Electroencephalography based brain controlled grasp and lift
Abstract
The complexities and challenges of performing daily fundamental activities like getting
dressed, answering a phone call, opening and closing the door, writing something
down, or even consuming foods for patients who have lost their functionality of hands
and arms due to neurological disability or amputations, is something anyone could
never imagine. Our research paper serves to show the importance of restoring patients’
ability to do daily activities to increase their mobility and standard of living.
In this paper, we have proposed an innovative, resilient and dynamic implementation
of a grasp and lift technology that would accumulate brain signals in the form of
waves to operate prosthetic limbs without the help of an external device and wires.

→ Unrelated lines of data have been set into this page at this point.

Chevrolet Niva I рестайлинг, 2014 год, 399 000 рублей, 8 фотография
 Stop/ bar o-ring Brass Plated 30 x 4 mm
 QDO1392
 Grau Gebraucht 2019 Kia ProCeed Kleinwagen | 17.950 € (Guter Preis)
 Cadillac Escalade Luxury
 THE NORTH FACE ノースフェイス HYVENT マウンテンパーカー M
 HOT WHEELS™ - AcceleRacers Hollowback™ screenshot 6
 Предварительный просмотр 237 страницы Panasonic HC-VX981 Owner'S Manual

We have decided to use Electroencephalography to reactivate the neuromuscular
bypass with the help of an EEG device for obtaining brain signals that correspond
to specific circumstances from the scalp surface area. We also have established models
using Neural Networks that would monitor multimodal sensory activities which
include object encounter, grasp, lift-off, replacement from the dataset and assist the
users of this technology to operate the prostheses only by incorporating their brain
signals. The artistry of the whole procedure incorporates substantial segments like
signal acquisition and pre-processing of the signals into data, feature extraction,
denoising etc. which later leads us to implement CNN and LSTM models. After
implementing the models we obtained the accuracy of 90.11% and 74.44% from the
CNN and LSTM model respectively. Throughout the implementation, there will
be a differential boost in the accuracy level for each of the models. Therefore, our
paper is an evidence of how EEG is considered to be a communication channel between
prosthetic devices and the human brain. Furthermore, it intricately reveals
the approach of grasp and lift technology through signal acquisition, processing, and
implementation based on Electroencephalography.